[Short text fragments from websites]
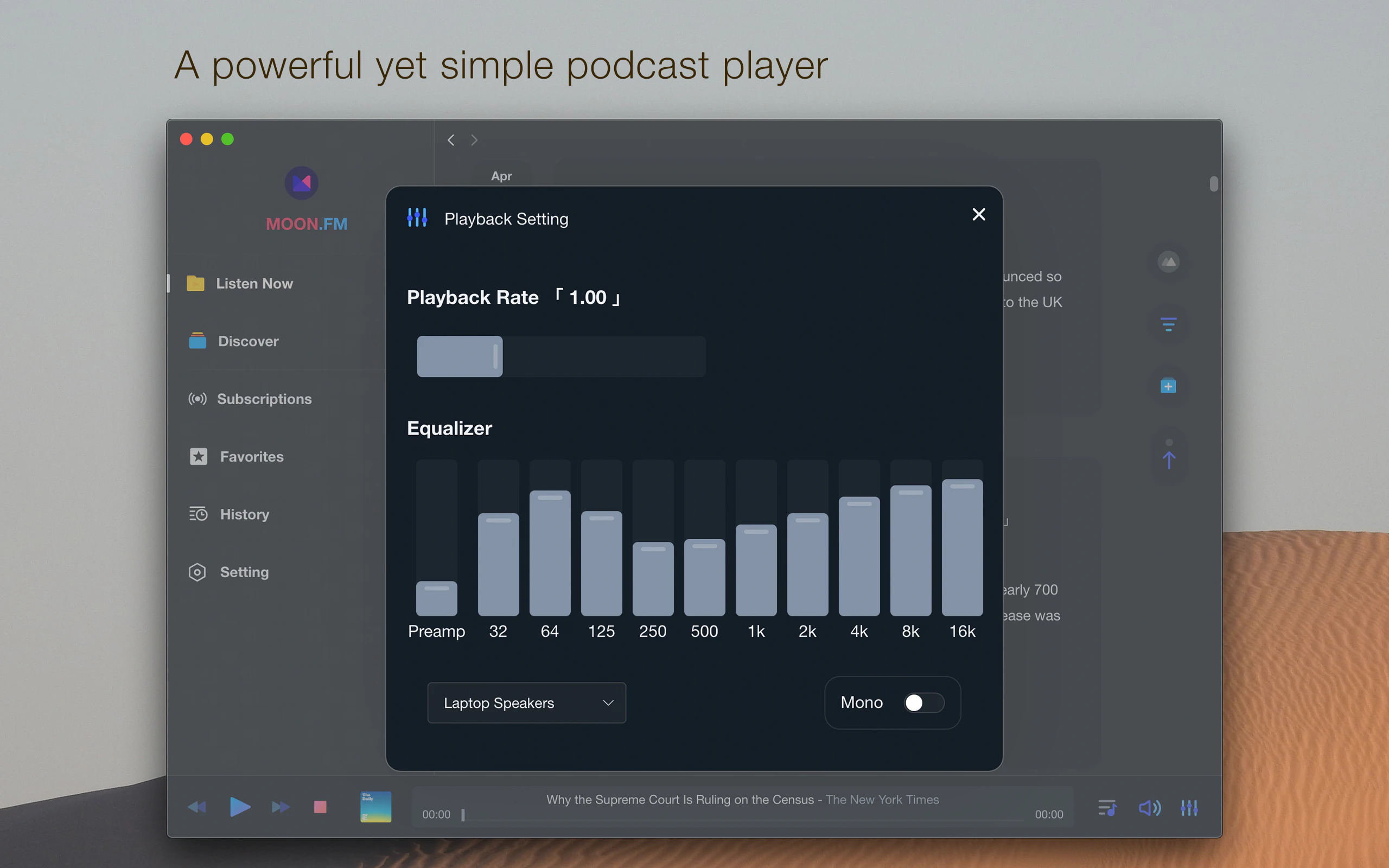 Moon FM for Mac Image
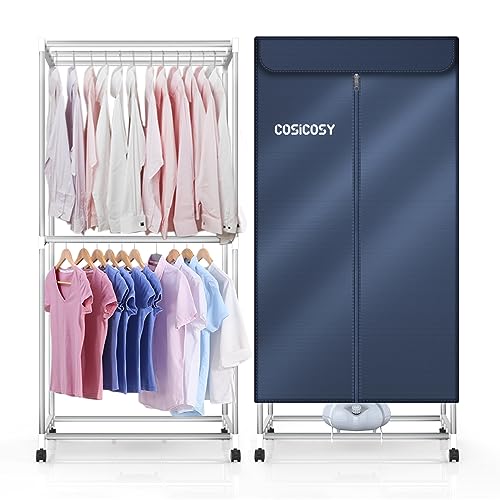 Cosicosy Electric Clothes Dryer Updated Portable Fast 1400W Dryer Machine 2-Tier Heated Indoor...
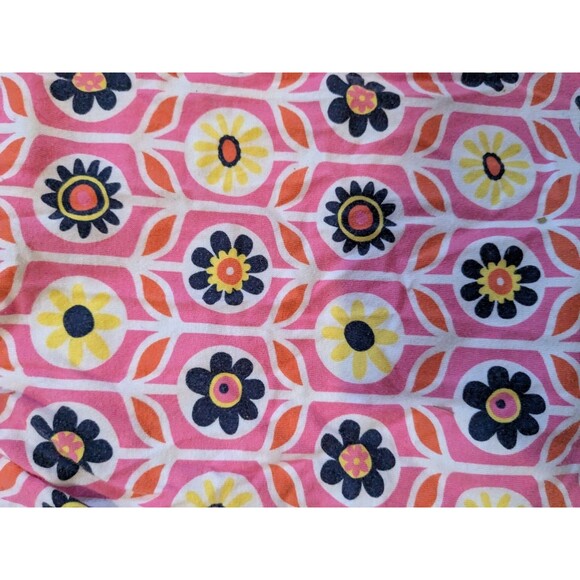 Hanna Andersson Sleeveless Pink Orange Floral Sundress Girls 120 US 6-7 - Picture 3 of 8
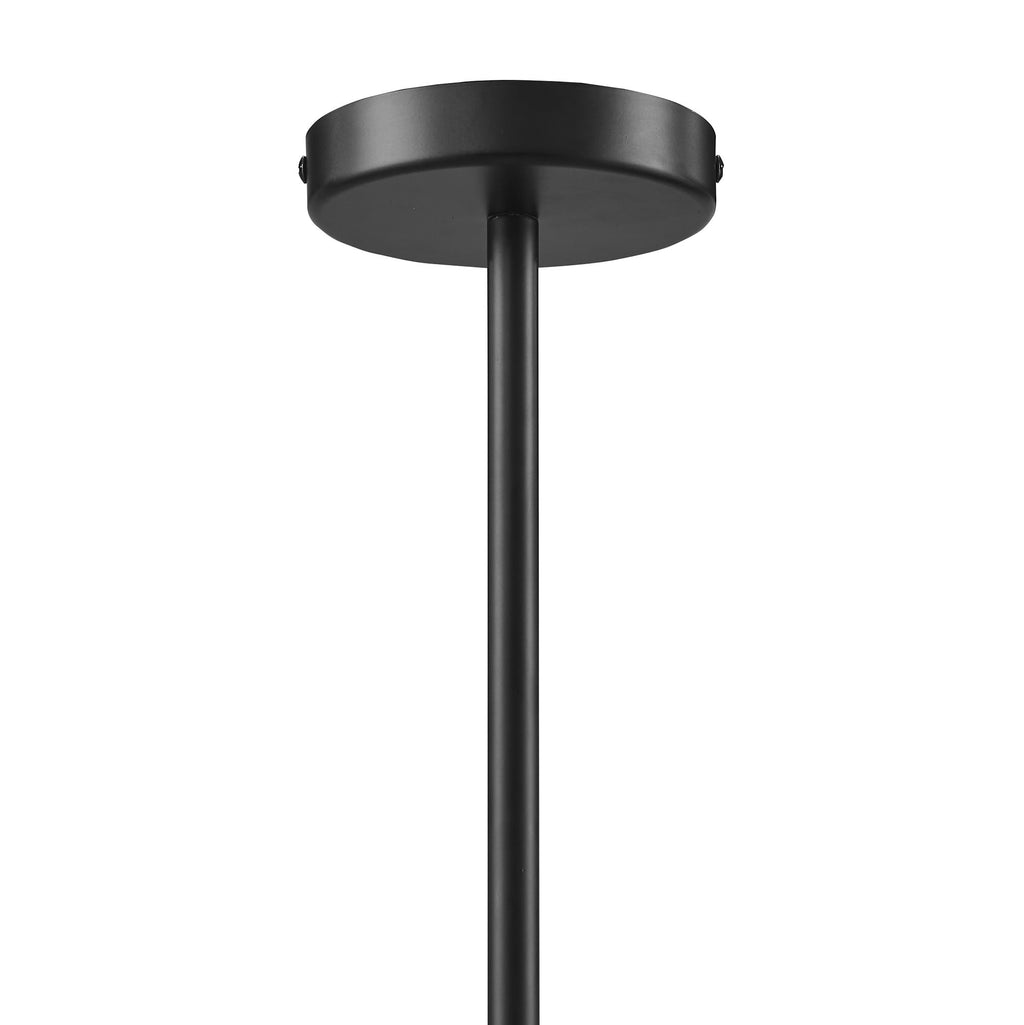 Sunlit Squiggle 4-Arm Pendant Light - Walnut Black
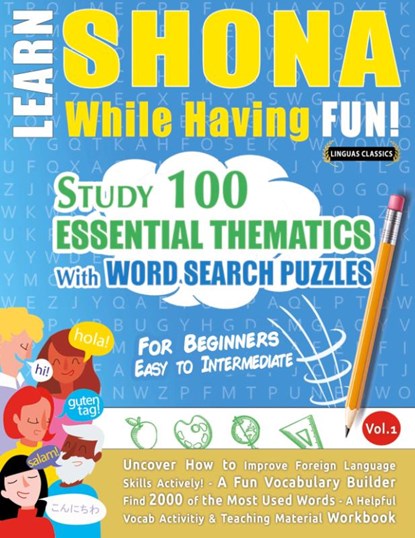 LEARN SHONA WHILE HAVING FUN! - FOR BEGINNERS, Linguas Classics - Paperback - 9798896708308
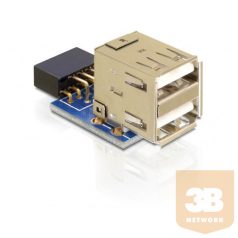   ADA Delock 41825 USB pin header anya > 2 x USB 2.0 anya - felfelé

* Assignment:
Your copy should match the records above word for word, but without images.

* Task solution:
 Moon FM for Mac Image
 Cosicosy Electric Clothes Dryer Updated Portable Fast 1400W Dryer Machine 2-Tier Heated Indoor...
 Hanna Andersson Sleeveless Pink Orange Floral Sundress Girls 120 US 6-7 - Picture 3 of 8
 Sunlit Squiggle 4-Arm Pendant Light - Walnut Black
 LEARN SHONA WHILE HAVING FUN! - FOR BEGINNERS, Linguas Classics - Paperback - 9798896708308
   ADA Delock 41825 USB pin header anya > 2 x USB 2.0 anya - felfelé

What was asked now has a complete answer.